Those whom I represent and for whom I speak--the sixteen minority members of the committee--insist that we should not attempt the experiment of the free and unlimited coinage of silver without cooperation of other great nations. It is not a question of patriotism, it is not a question of courage, it is not a question of loyalty, as the majority platform speaks of it. The minority has thought it was simply a question as to whether we were able to enter on this experiment. It is a question of business. It is a question of finance. . . .
I think, Mr. President, that the safest and best course for this convention to have pursued was to take the first step forward in the great cause of monetary reform by declaring in favor of international bimetallism. I know that it is said by enthusiastic friends that America can mark out a course for herself. I know that that idea appeals to the pride of the average American, but I beg to remind you that if that suggestion be carried out to its legitimate conclusion, you might as well do away with our international treaties. . . .
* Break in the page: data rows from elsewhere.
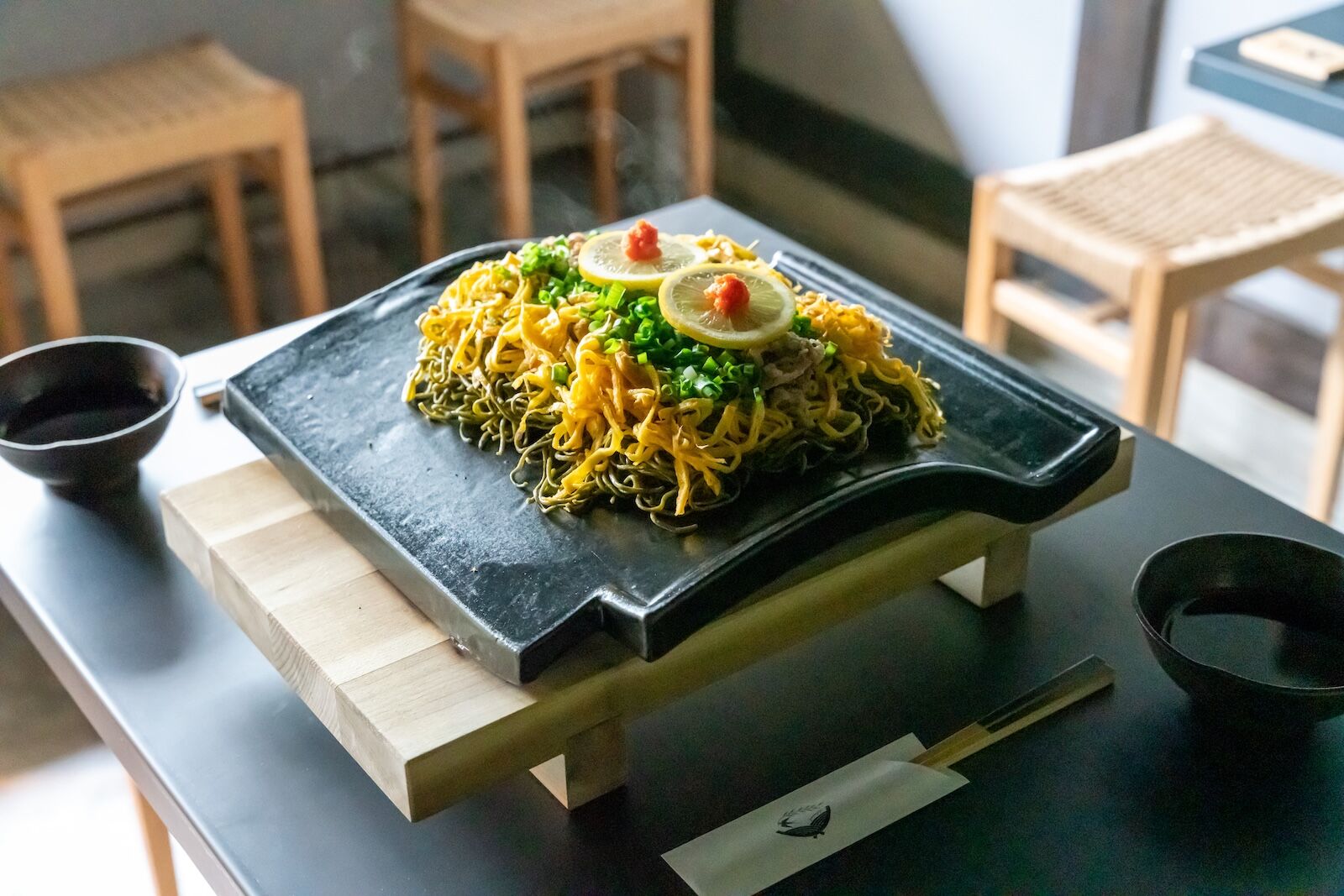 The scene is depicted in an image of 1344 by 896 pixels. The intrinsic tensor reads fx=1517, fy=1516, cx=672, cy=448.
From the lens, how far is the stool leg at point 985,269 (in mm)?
2191

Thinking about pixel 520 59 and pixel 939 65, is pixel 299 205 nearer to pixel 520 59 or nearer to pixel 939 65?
pixel 520 59

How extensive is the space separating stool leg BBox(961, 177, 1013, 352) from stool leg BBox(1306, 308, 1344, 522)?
48 centimetres

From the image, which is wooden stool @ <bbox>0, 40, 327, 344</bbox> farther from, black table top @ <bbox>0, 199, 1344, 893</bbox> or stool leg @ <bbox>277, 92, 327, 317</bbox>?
black table top @ <bbox>0, 199, 1344, 893</bbox>

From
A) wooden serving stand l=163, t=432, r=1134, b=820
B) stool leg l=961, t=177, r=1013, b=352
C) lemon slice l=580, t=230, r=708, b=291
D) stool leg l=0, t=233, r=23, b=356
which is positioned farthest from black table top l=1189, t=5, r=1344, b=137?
stool leg l=0, t=233, r=23, b=356

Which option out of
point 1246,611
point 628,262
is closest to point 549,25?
point 628,262

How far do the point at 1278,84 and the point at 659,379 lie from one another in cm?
110

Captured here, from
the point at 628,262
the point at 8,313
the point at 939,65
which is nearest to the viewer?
the point at 628,262

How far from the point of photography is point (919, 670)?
1.20 m

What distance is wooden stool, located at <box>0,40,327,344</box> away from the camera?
2.39 m

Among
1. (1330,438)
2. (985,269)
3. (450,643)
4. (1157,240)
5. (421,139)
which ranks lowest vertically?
(1330,438)

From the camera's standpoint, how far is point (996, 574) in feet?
4.07

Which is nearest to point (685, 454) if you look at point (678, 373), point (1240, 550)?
point (678, 373)

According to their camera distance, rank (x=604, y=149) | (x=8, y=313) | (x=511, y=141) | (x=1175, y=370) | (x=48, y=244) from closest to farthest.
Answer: (x=1175, y=370)
(x=48, y=244)
(x=8, y=313)
(x=511, y=141)
(x=604, y=149)

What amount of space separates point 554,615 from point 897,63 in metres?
2.40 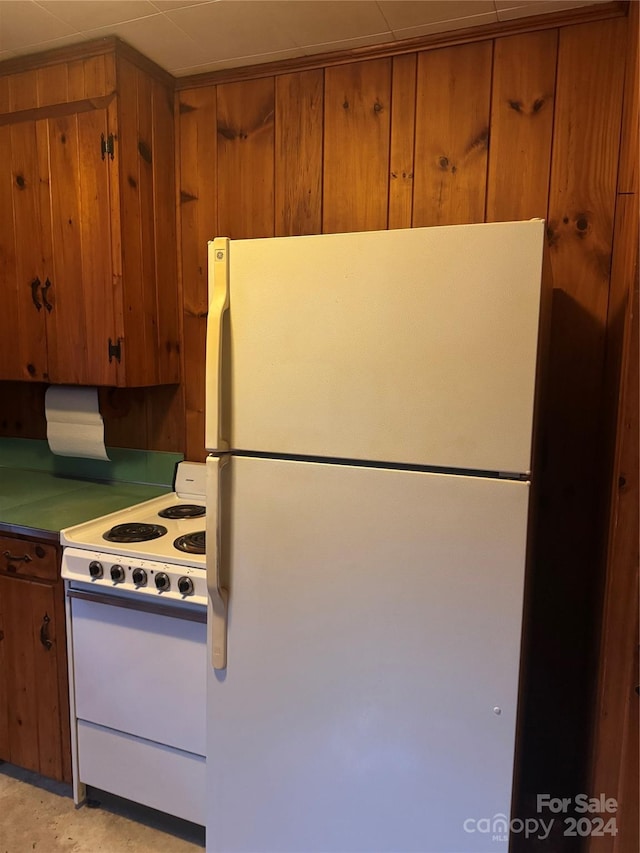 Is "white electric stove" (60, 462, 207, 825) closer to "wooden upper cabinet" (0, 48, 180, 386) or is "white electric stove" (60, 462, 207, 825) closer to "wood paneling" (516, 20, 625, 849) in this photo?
"wooden upper cabinet" (0, 48, 180, 386)

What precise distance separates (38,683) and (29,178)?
1737mm

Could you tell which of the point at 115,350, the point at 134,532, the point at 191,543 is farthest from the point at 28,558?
the point at 115,350

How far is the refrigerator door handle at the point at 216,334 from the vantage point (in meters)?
1.33

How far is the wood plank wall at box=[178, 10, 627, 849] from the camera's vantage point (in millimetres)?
1697

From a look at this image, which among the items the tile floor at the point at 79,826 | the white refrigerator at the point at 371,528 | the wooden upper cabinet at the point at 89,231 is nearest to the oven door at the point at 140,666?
the white refrigerator at the point at 371,528

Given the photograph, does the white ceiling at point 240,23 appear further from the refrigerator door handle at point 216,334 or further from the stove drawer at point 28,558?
the stove drawer at point 28,558

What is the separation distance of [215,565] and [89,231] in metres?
1.30

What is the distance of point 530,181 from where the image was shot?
176 centimetres

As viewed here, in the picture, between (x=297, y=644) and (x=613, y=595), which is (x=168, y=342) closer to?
(x=297, y=644)

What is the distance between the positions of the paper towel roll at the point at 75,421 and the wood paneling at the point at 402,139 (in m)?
1.32

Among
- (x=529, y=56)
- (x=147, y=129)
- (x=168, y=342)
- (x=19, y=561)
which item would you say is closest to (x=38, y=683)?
(x=19, y=561)

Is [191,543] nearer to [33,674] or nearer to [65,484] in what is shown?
[33,674]

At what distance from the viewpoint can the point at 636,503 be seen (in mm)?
1145

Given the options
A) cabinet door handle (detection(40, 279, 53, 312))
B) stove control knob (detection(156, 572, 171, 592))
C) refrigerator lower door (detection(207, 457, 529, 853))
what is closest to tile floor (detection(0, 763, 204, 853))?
refrigerator lower door (detection(207, 457, 529, 853)) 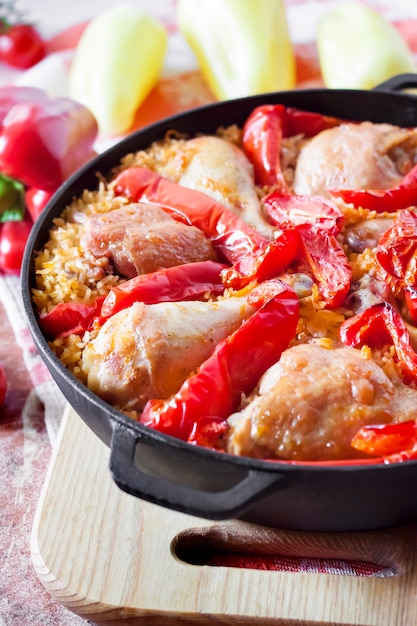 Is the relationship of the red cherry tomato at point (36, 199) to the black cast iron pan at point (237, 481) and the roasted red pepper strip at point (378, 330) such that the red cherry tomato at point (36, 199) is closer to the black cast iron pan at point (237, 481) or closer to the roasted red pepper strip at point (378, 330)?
the black cast iron pan at point (237, 481)

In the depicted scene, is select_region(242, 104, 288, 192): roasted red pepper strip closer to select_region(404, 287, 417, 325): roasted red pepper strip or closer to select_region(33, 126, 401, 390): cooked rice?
select_region(33, 126, 401, 390): cooked rice

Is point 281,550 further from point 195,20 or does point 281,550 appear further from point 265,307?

Be not deceived. Do not attempt to drive those Democrats out of the party who have grown gray in its service, in order to make room for a lot of Republicans and Populists who will not vote your ticket at all. My friends, I speak more in sorrow than in anger.
[A resolution backed by Hill and approving the Democratic administration of President Cleveland was voted down by a face-slapping vote of 564 to 357.]
Public Opinion 21 (July 16, 1896), p. 70. The speech was delivered on July 9.
William Jennings
Bryan's Cross of Gold (1896)
The dramatic assignment of replying to Senator Hill and closing the debate on
the platform fell to William Jennings Bryan of Nebraska. Although a well-known
ex-congressman and free-silver orator, he was not then regarded as one of the
front-runners for the presidential nomination. Tall, lean, smooth-shaven,
hawk-nosed, and wide-mouthed, "the Boy Orator of the Platte" hushed
the vast assemblage of some fifteen thousand with his masterful presence. The
"cross of gold" analogy to the crucifixion of Christ was one he had
already used a number of times, but never before so effectively. Projecting his
organlike voice to the outer reaches of the vast hall, he had the frenzied crowd
cheering his every sentence as he neared the end. The climax swept the delegates
off their feet and won Byran the presidential nomination the next day. How do
you account for the success of his memorable speech? To what different kinds of
prejudice does Bryan appeal?
I would be presumptuous, indeed, to present myself against the distinguished gentlemen to whom you have listened if this were a mere measuring of abilities. But this is not a contest between persons. The humblest citizen in all the land, when clad in the armor of a righteous cause, is stronger than all the hosts of error. I come to speak to you in defense of a cause as holy as the cause of liberty--the cause of humanity. . . .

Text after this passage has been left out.